Failure to Document and Communicate Care Needs Leads to Resident Injury
Penalty
Summary
The facility failed to ensure that safety interventions were documented in the care plan and that staff used safe repositioning techniques, leading to an avoidable injury for Resident #999. The resident, who had decreased cognition and mobility, required the physical assistance of two persons for bed mobility, as noted in the New Admission Evaluation form. However, this requirement was not specified in the care plan or the Kardex, which is used for communication and organization of resident care summaries. During an incident, Certified Nursing Assistant (CNA) Staff A was changing Resident #999 and attempted to reposition him without assistance. The resident began to move off the bed, and despite CNA Staff A's attempt to hold him, he fell to the floor, resulting in a hematoma and other injuries. The CNA was unaware that the resident required two-person assistance, as this information was not documented in the Kardex or communicated to her.

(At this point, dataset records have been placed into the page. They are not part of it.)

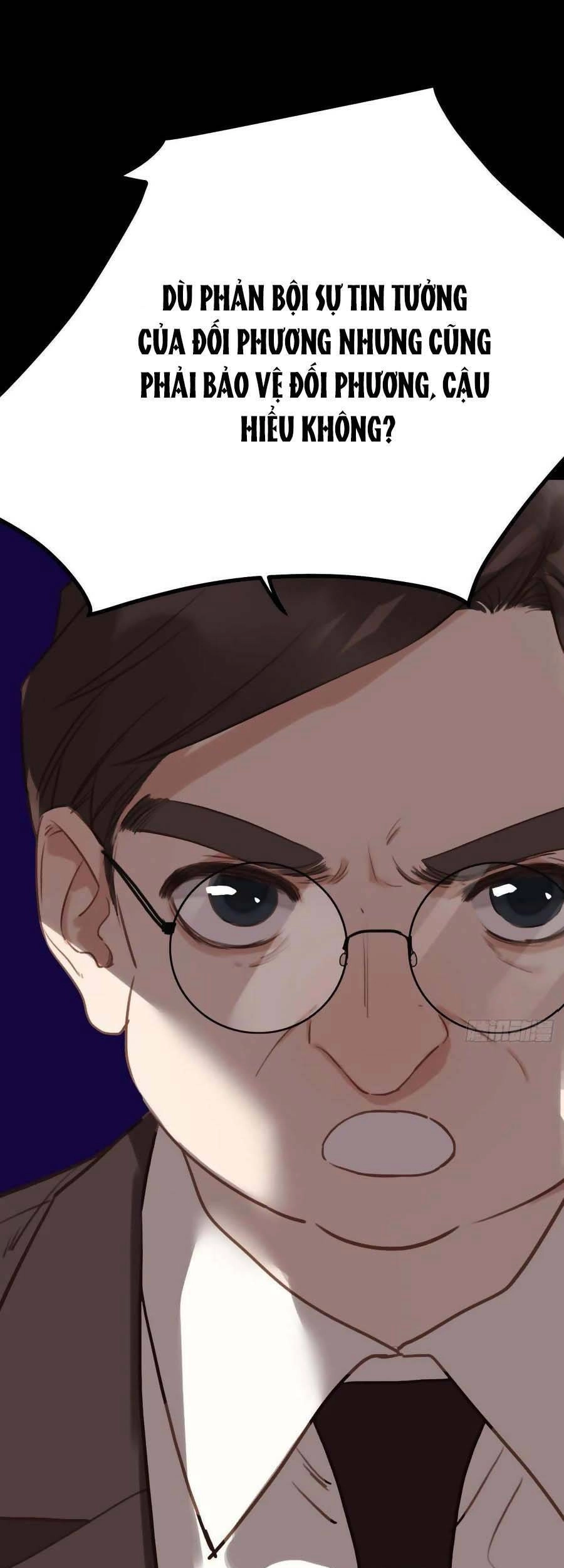 Mối Quan Hệ Không Hoàn Hảo Chapter 98 - 51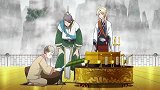 从前有座灵剑山：王陆不光是靠运气，还有智商，总算过了这第一关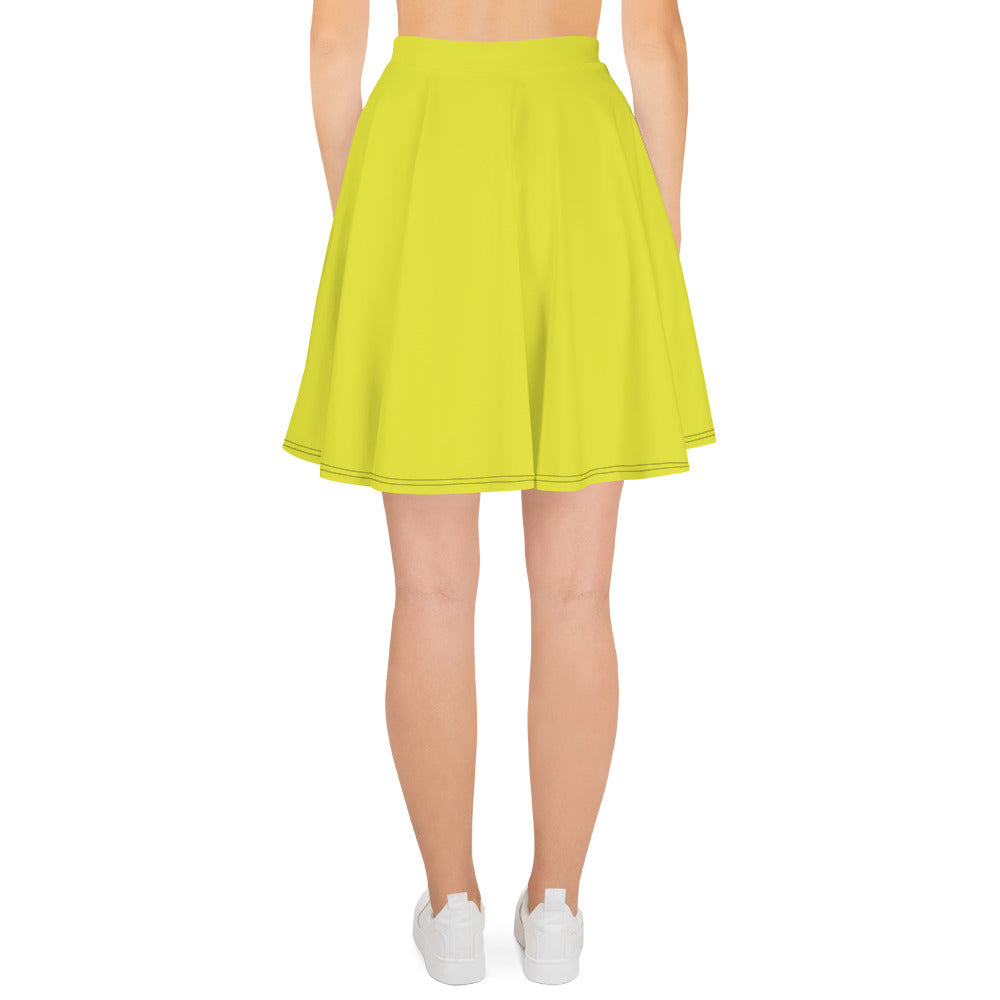 SR Skater Skirt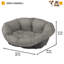 Cotton Pet Bed-57135767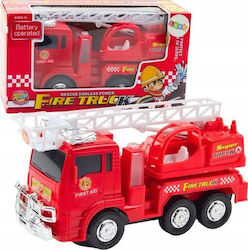 Lean Toys Fire Brigade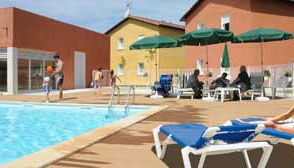Hotel Domaine Du Green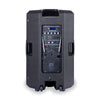 PA PORT. A BATT. SOUNDSATION PROVIBE 15AIR MP3 BT 2xMIC VHF APP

The facility's investigation revealed that CNA Staff A had not been informed of the two-person assist requirement and had not encountered issues with the resident previously. The investigation also noted that the resident was not positioned correctly during the repositioning attempt, contributing to the fall. The lack of proper documentation and communication regarding the resident's care needs led to the deficiency in providing adequate and appropriate health care services.
Plan Of Correction
1. What corrective action(s) will be accomplished for those residents found to have been affected by the deficient practice: - Upon immediate discovery, the resident #999 received first aid and was transferred to a higher level of care for evaluation and treatment as indicated by Staff member B. - Resident #999 no longer resided at the facility. 2. How will you identify other residents having potential to be affected by the same deficient practice and what corrective actions will be taken: - Quality review performed by DCS/designee of the residents in which Staff member A provided care to ensure no other resident sustained injuries related to her failure to follow the Kardex and policy and procedures for bed mobility (assist of 2-dependent care). No deficient practice noted. - Quality review performed by DCS/designee of all residents that reside in the facility to ensure no injuries were sustained during care and stakeholders were utilizing the Kardex to provide proper care. No deficient practice noted. 3. What measures will be put in place or what systemic changes you will make to ensure that the practice does not recur: - Ongoing nursing staff re-educated on the components of this regulation with emphasis on: - Stakeholders aware to review Kardex prior to providing care. - Stakeholders are to ensure they have the correct number of staff members to provide care. - Stakeholders are to ensure proper bed mobility (always turn a resident toward you, not away). - Ensure stakeholders are efficient and familiar with policy, procedures, and processes prior to caring for residents through continual education, competencies, and monitoring. 4. How the corrective action(s) will be monitored to ensure the practice will not recur, i.e., what Quality Assurance program will be put in place: The DCS/designee will conduct audits on 10 residents weekly x 4, then bi-weekly x 4, then monthly x 1 and PRN on the following: - Ensure resident is free from injury while receiving care. - Ensure Kardex is followed and appropriate care provided. The findings of these quality monitoring will be reported to the Quality Assurance Program Improvement Committee monthly. Quality monitoring schedule to be modified based on findings with quarterly monitoring by the Regional Director of Clinical Services/designee.